FINANCIAL ADVISORS

Bilking Investors – Rotten advice – America’s revolving door for financial advisers who do down their clients
Mar 5th 2016 Economist

Financial markets can seem bewildering to those who don’t have the time and energy to understand them: all that jargon, all those sudden switches in mood. So it is natural that people look for help when trying to find the right products. In America, more than half of all households have sought advice, according to a survey conducted in 2010. They have more than 650,000 registered financial advisers to choose from.
But how good is that advice? It can be hard to tell. There may be an “information asymmetry” between the advisers and the clients, simply because finance can be so complex. Furthermore, although a diner can instantly tell if wine is corked or steak is tough, it may be many years before the success or failure of a financial tip becomes apparent.

A new paper* examines the records of American financial advisers between 2005 and 2015, using a database that contains 1.2m individuals. It finds that 7% of the advisers were disciplined for misconduct over the period, resulting in a median payment to customers of $40,000 in compensation.
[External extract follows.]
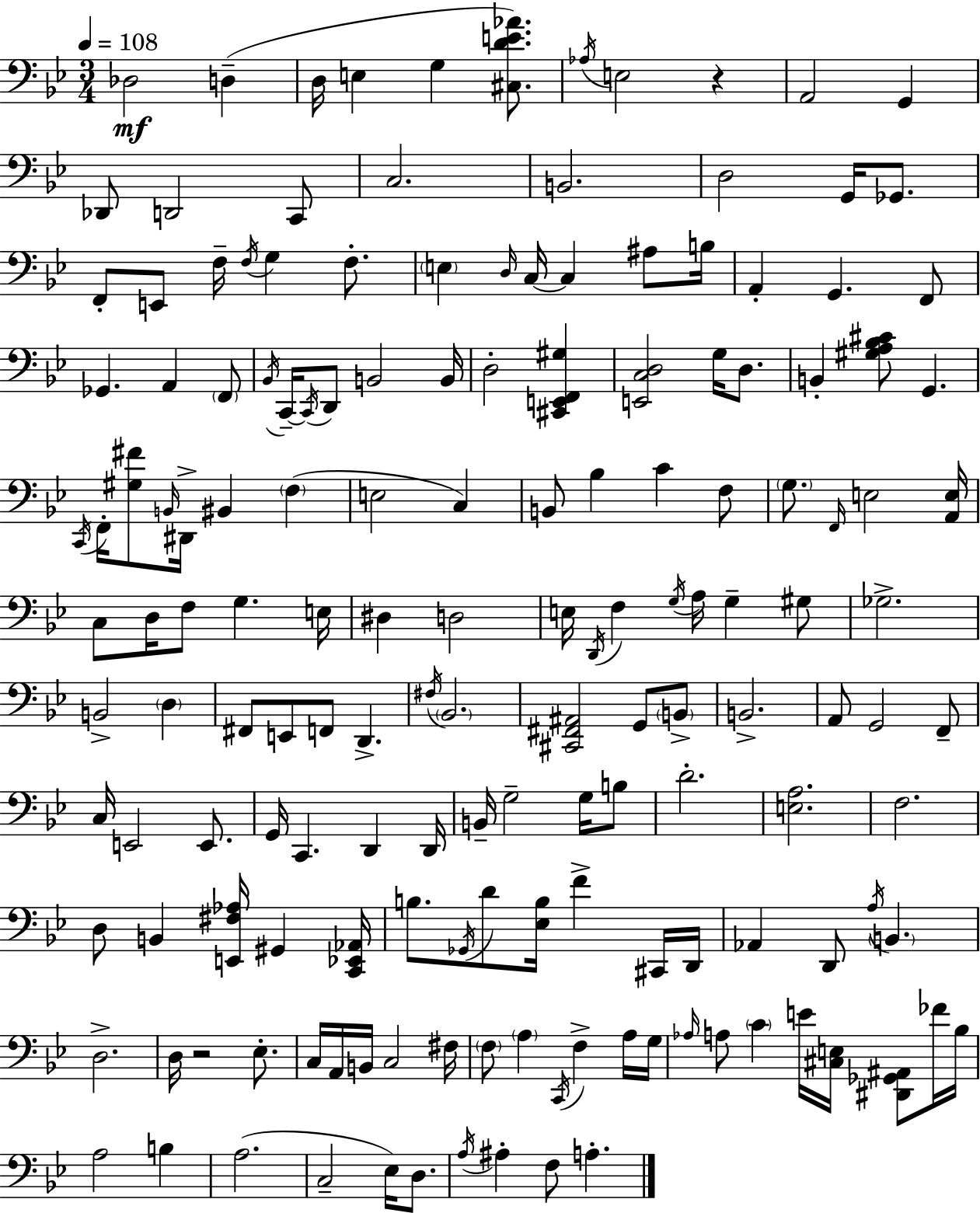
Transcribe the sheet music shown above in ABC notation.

Around one-third of the miscreants are repeat offenders; past transgressors are five times more likely to engage in misconduct than the average adviser.

What happens to the offenders? Just over half, astonishingly, keep their job. Although the remainder are let go, 44% of them are rehired by another firm within a year. On average, they take a 10% pay cut, but they continue to work as investment advisers. Unsurprisingly, the paper finds that these miscreants tend to move to firms that hire more people with a record of misconduct than is typical. The same firms are less likely to fire their staff if they do something wrong.

Why don’t such firms lose all their clients? The authors suggest that advisers with a dark past tend to prey on elderly or unsophisticated customers. At any rate, they seem to congregate in relatively wealthy, elderly and less educated counties. In some places in Florida and California, one in five advisers has a record of misconduct.

It is a sorry tale. But information on advisers’ records is at least readily available at BrokerCheck, a website run by FINRA, an American regulator. Clearly, a lot more investors need to use it.